This article describes the issue of the DHCP relay not working, when the firewall is configured with multiple VRs.
- The client sends the DHCP request.
- The firewall receives it and as the firewall is configured for DHCP relay, it will treat it as self traffic, which is different from flow traffic in terms of the firewall handling process.
- As it is self traffic, the firewall will use the default VR to perform the route lookup to reach the DHCP server. Then the route associates the interface IP address as thesource IP address for the DHCP relay packet and replays this packet with the new source IP address to DHCP server.
- The DHCP Server replies with a DHCP response packet to the relay source IP and the firewall sends it to the client. For example, if the DHCP server IP address is 1.1.1.1 and the eth2/1 firewall interface is enabled with DHCP relay, the configuration is as follows:
set zone trust vr trust-vr
set interface ethernet2/1 zone trust
set interface ethernet2/1 ip 172.19.50.2/24
set interface ethernet2/1 dhcp relay server-name "1.1.1.1"

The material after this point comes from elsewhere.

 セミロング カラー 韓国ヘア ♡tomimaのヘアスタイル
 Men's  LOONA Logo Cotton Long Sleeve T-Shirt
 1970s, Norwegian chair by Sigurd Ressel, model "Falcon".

set interface ethernet2/1 dhcp relay service
set interface ethernet1/1 zone untrust
set zone untrust vr untrust-vr
set interface ethernet1/1 ip 1.1.1.2/24
But, if in the default VR, the route to reach 1.1.1.1 uses the eth2/1 interface, then the firewall will build the DHCP request by using the 172.19.50.2 source IP address. However, the desired behavior is that the DHCP request should be built with the source IP address of 1.1.1.2 and then relayed to the 1.1.1.1 DHCP server.
Again, the default behavior is for the firewall to use the default VR to perform the route lookup to reach the DHCP server and select the related interface as the source interface in this default VR.
To resolve this issue, use either of the following methods:
In the default VR, add a specific route to the DHCP Relay server that points to the correct VR. As per the above example, set the following command:
set vr trust route 1.1.1.1/32 vr untrust-vr
Or
Set the following command:
set int <int-name> dhcp relay vpn
The command works for both VPN and non-VPN cases. With this command, the firewall will use the interface that is associated with the VR to perform the route look to reach the DHCP server, instead of using the default VR and selecting the source interface.